In summary, here, we have presented analyses of vIRF-1 and vIRF-3 latent and lytic activities and the specific contributions of USP7 targeting by these vIRFs to latent cell viability and productive replication. The data have revealed proviability activity of vIRF-1 in latently infected PEL cells, the role of vIRF-1–USP7 interaction for this function, the negative influence of vIRF-3 on HHV-8 productive replication, and the significant contributions of USP7 targeting by vIRF-1 and vIRF-3 to the respective positive and negative effects of these vIRFs on lytic replication. This study extends our understanding of the biological activities of vIRF-1 and vIRF-3 and reveals the significance of their targeting of USP7, specifically, during infection.

MATERIALS AND METHODS

Cell culture and gene transduction.

TRExBCBL1-RTA (45) and JSC-1 (51) cells were maintained in RPMI 1640 medium supplemented with 10% heat-inactivated fetal bovine serum (FBS) and 10 μg/ml gentamicin. HEK293T cells were maintained in Dulbecco's modified Eagle's medium (DMEM) supplemented with 10% FBS and 10 μg/ml gentamicin. For transfections, HEK293T cells were passaged and plated at approximately 50% confluence. Transfections were conducted 16 to 18 h postseeding with mixtures of plasmid DNA and cationic polymer linear polyethylenimine (593215; Polysciences). Cells harvested 48 h posttransfection were lysed with immunoprecipitation (IP) buffer (50 mM Tris [pH 7.4], 5 mM EDTA, 150 mM NaCl, 0.5% Triton X-100, protease inhibitor cocktails [P8340; Sigma]), and lysate supernatants were collected following centrifugation at 13,000 rpm for 15 min at 4°C. For production of lentiviruses, HEK293T cells were transfected with lentiviral vector together with psPAX2 and pMD2.G (Addgene; 12260 and 12259, respectively; deposited by D. Trono) encoding gag-pol and vesicular stomatitis virus G proteins.

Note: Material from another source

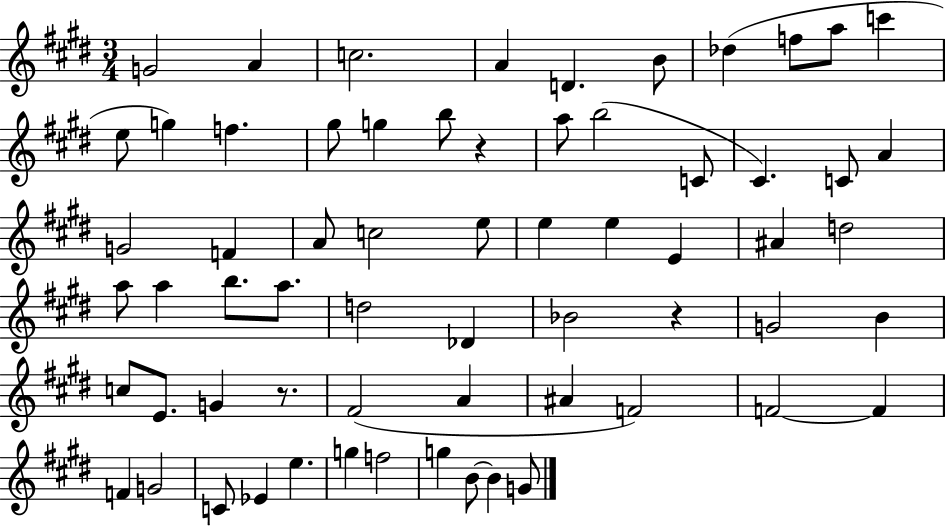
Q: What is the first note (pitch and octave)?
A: G4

After 6 h of transfection, the culture media were replaced by 10% FBS-supplemented DMEM. Virus-containing media were harvested 48 h later and concentrated by ultracentrifugation at 80,000 × g to pellet the virus. The viral pellets were resuspended in RPMI 1640 medium supplemented with 10% FBS, and aliquots were stored at −80°C. Virus titers for gene knockdown were determined by assessing percentages of GFP⁺ cells at different inoculation doses prior to experimental use. Infectious titers of lentiviruses encoding Flag epitope-tagged versions of vIRF-1 and vIRF-3 were determined by Flag-based immunofluorescence assays.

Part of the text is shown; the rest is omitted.